Terming the Taliban attack on the Mehran naval air base as a 'big security lapse,' Pakistani defence and political analysts on Monday said that 'insiders' were facilitating the militants in their deadly agenda and asked the government and military to wake up to this.
The daring attack by the armed militants, who used rockets, grenades and heavy ammunition, has raised serious doubt over the military's ability to protect its key installations.
"It is a worrying thing this attack and is nothing but a serious security lapse on part of the navy," Air Vice Marshal (retd) Shahzad Chaudhary, a defence analyst said.
He pointed out that the PNS Mehran was one of Pakistan's most important naval airbases with the latest equipment and aircrafts and for militants to attack it so easily and brazenly showed big loops in the security.

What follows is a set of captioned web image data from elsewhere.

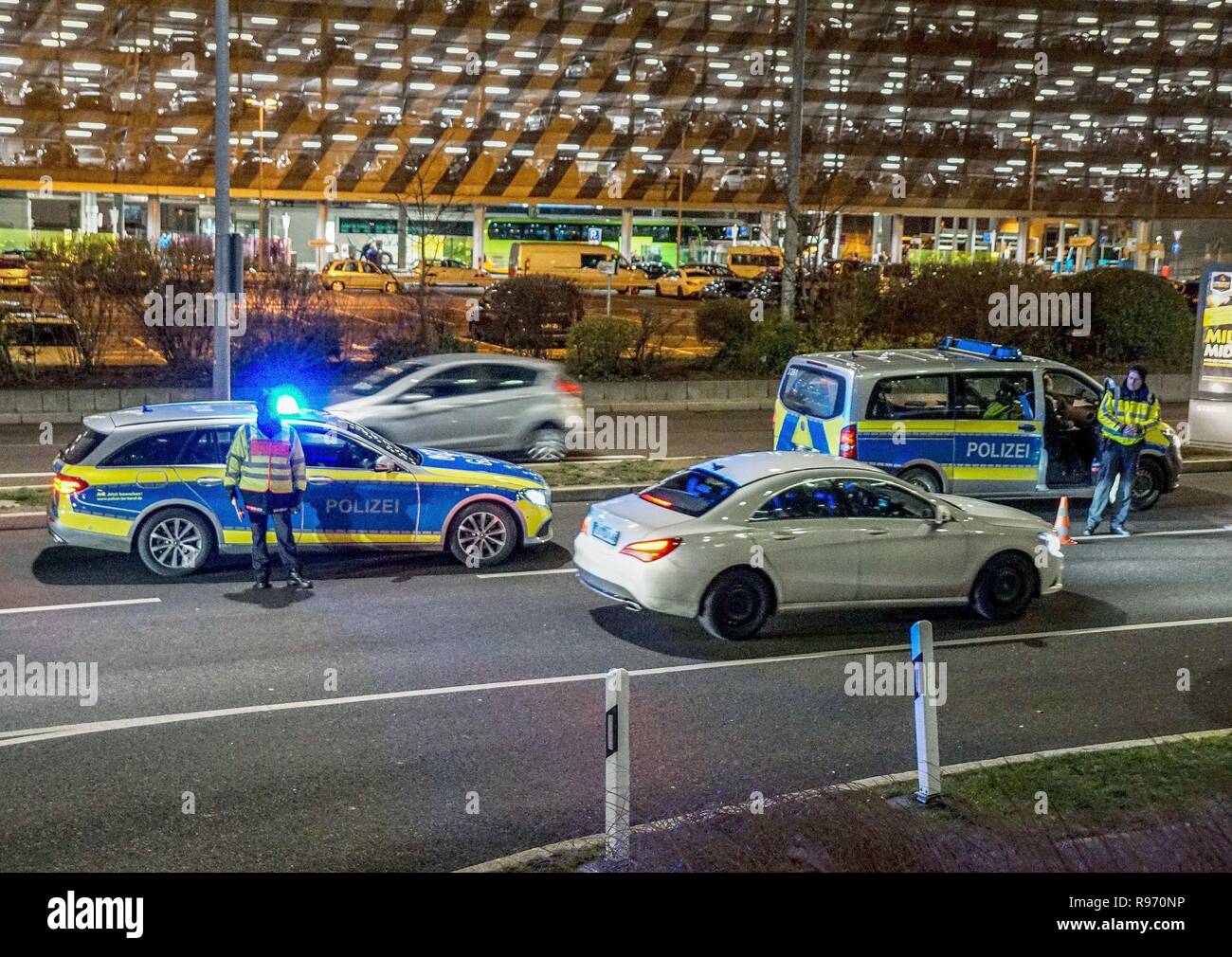 Stuttgart, Deutschland. 20 Dez, 2018. Polizei Kontrolle eine Zufahrtsstraße zum Flughafen. Maßnahmen zur Gefahrenabwehr zu folgenden Berichte von Spionage am Flughafen erhöht. Quelle: Sven Kohls/SDMG/dpa/Alamy leben Nachrichten Stockfoto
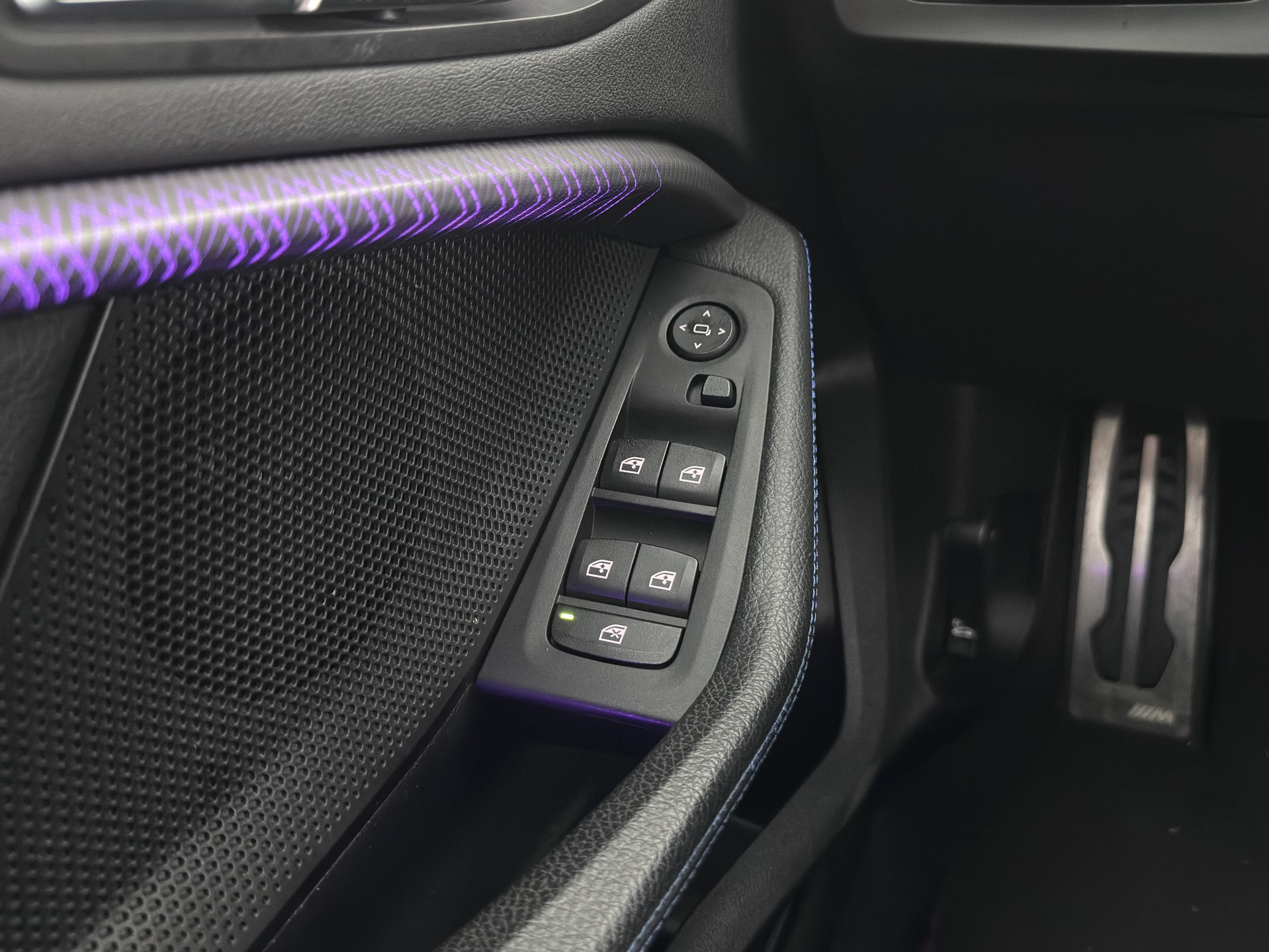 BMW 1-serie M135i xDrive M-Sportpack High Executive Aut. *ALCANTARA-MICROFIBRE | FULL-LED | HEATED-SPORTSEATS | SHIFT-PADDLES | DIGI-COCKPIT | HEAD-UP | NAVI-FULLMAP | DAB+ | PRIVACY-GLASS | AMBIENT-LIGHT | CARBON-INLAY | CARPLAY | 19''ALU*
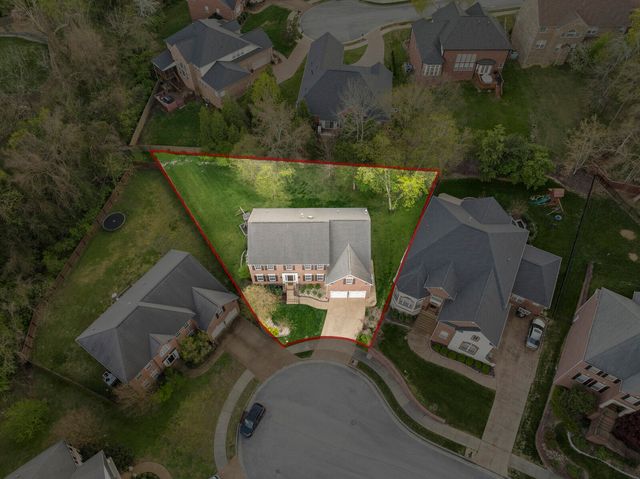 1412 Beech Hollow Ct, Nashville, TN 37211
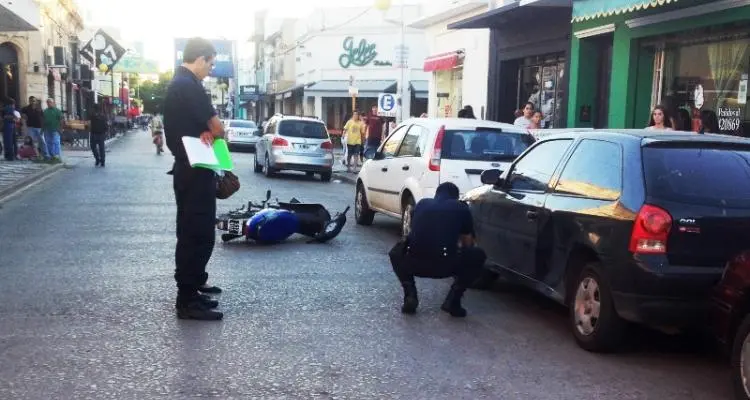 La cámaras municipales registraron el accidente de Pellegrini al 800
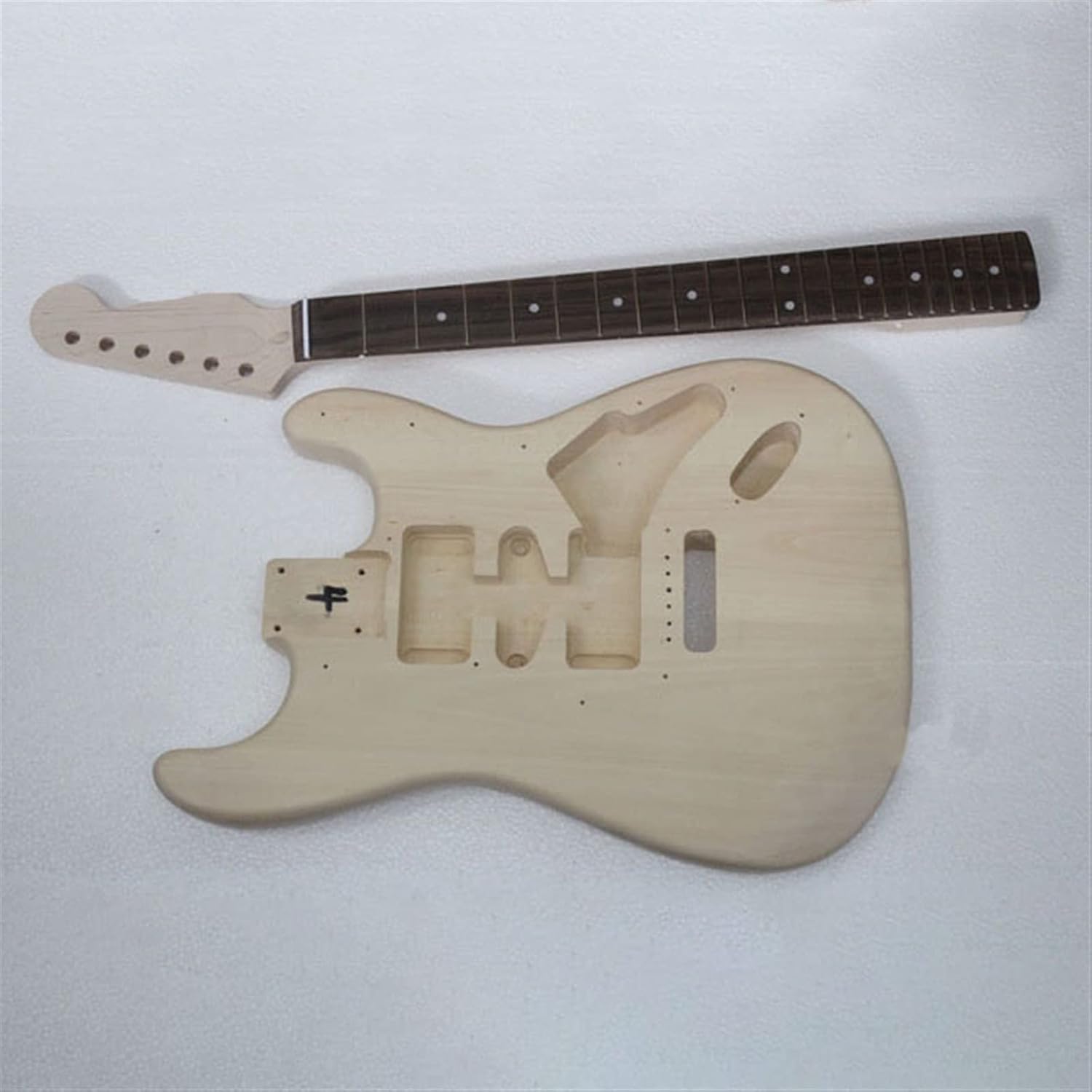 DIY Electric Guitar Kit Unfinished Electric Guitar DIY Kits Maple Neck Basswood Body Rosewood Fingerboard with All Accessories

"Just last month two bomb attacks were carried out on naval buses in the city in which innocent people were killed and the naval installations should have been on high alert," after that, he said.
Another defence analyst, Ikram Saigal noted that after the killing of Al Qaeda leader, Osama bin Laden on May 2 in Abbottabad by US forces, the Taliban had vowed to carry out revenge attacks.
"Despite that for this incident to take place is a clear failure of security and intelligence and the government needs to really look deep down to prevent such attacks again," he said.
As security forces continued to battle 15-20 Taliban militants who struck to take control of the base housing naval maritime reconissance aircraft and naval missiles, Nasim Zehra, a political and current affairs expert, said the attack only highlighted the need for the government and military to accept they were insiders who were facilitating the terrorists in their actions.
"It is not possible for these terrorists to have so much creditable information about the presence of the aircrafts on the base without inside help. The fact that these militants have managed to hold off the security forces for the last 13 hours shows they came well drilled and prepared for the operation," Zehra said.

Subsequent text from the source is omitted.